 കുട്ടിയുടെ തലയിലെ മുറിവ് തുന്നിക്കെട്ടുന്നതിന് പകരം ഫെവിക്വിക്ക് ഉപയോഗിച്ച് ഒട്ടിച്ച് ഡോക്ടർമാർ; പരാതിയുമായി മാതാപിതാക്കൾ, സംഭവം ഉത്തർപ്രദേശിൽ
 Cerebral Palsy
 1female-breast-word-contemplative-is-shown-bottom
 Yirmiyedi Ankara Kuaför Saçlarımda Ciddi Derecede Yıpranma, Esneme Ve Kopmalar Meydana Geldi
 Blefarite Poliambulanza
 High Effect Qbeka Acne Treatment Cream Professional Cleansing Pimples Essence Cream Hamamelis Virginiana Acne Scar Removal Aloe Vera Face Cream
* * *
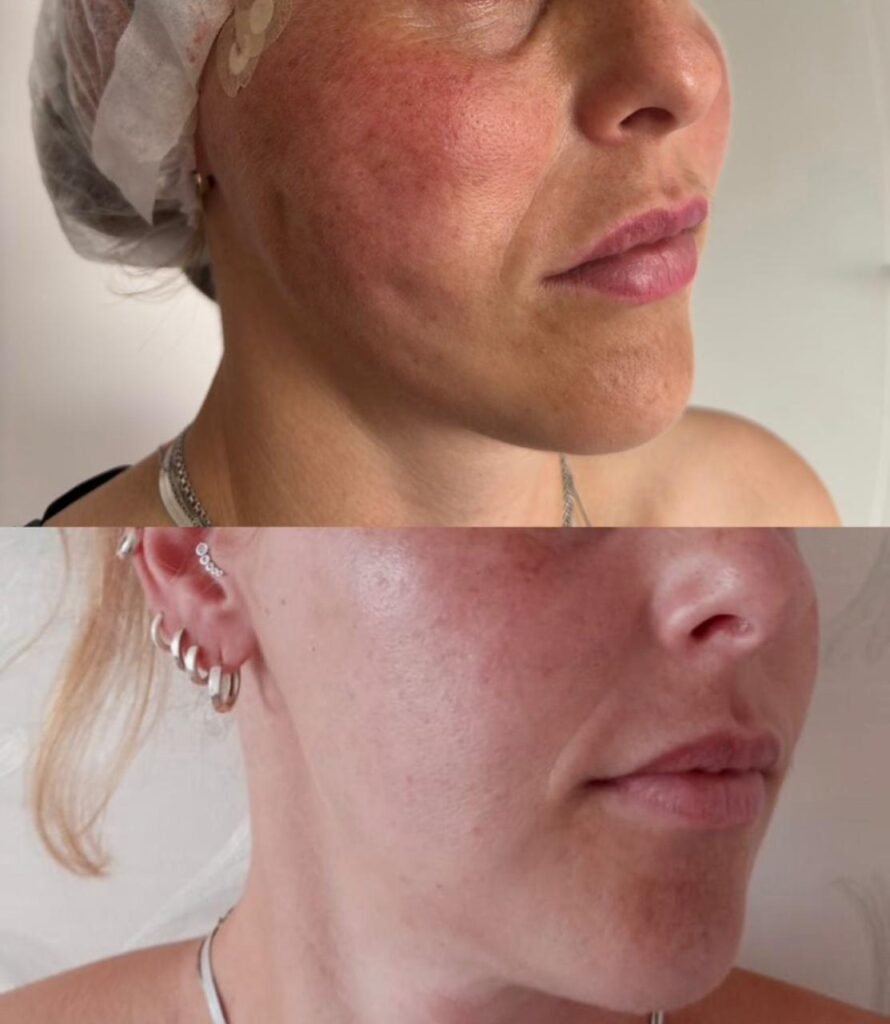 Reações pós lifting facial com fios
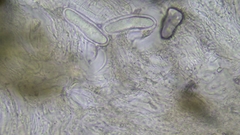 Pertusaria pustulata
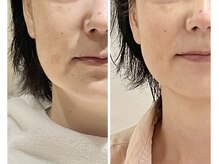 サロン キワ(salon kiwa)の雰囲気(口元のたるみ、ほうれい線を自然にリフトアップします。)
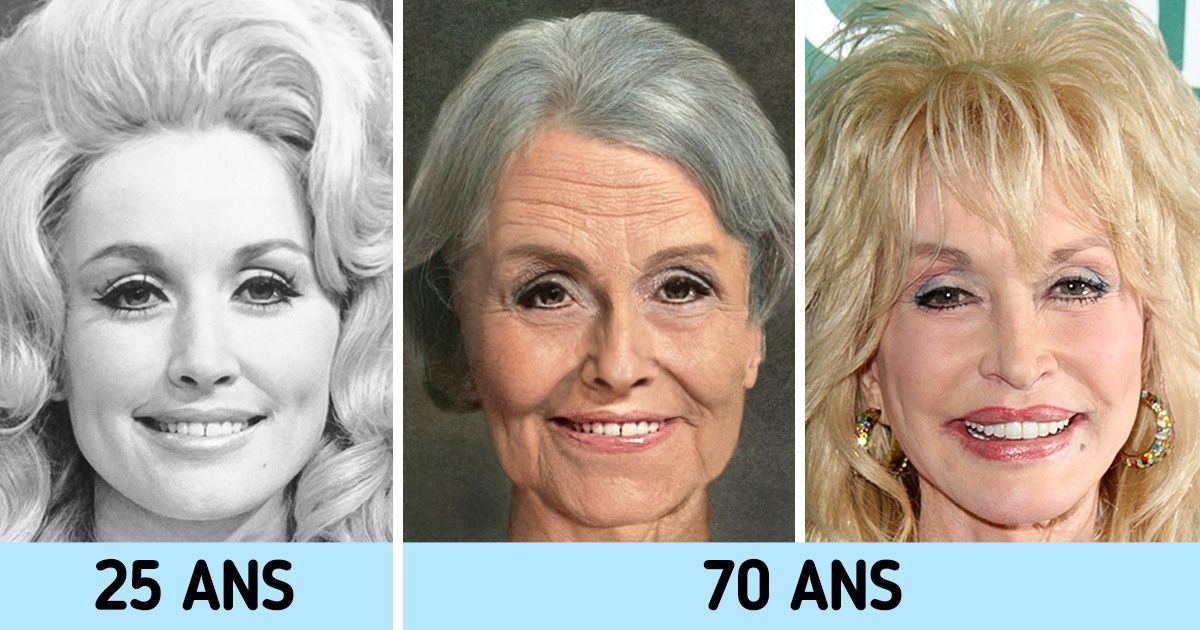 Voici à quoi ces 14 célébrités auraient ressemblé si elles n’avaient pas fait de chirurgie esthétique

Required action:
In the listing above, find the line containing "1female-breast-word-contemplative-is-shown-bottom" and the line containing "High Effect Qbeka", then repeat those two lines and everything between them exactly.

Reply to the task:
 1female-breast-word-contemplative-is-shown-bottom
 Yirmiyedi Ankara Kuaför Saçlarımda Ciddi Derecede Yıpranma, Esneme Ve Kopmalar Meydana Geldi
 Blefarite Poliambulanza
 High Effect Qbeka Acne Treatment Cream Professional Cleansing Pimples Essence Cream Hamamelis Virginiana Acne Scar Removal Aloe Vera Face Cream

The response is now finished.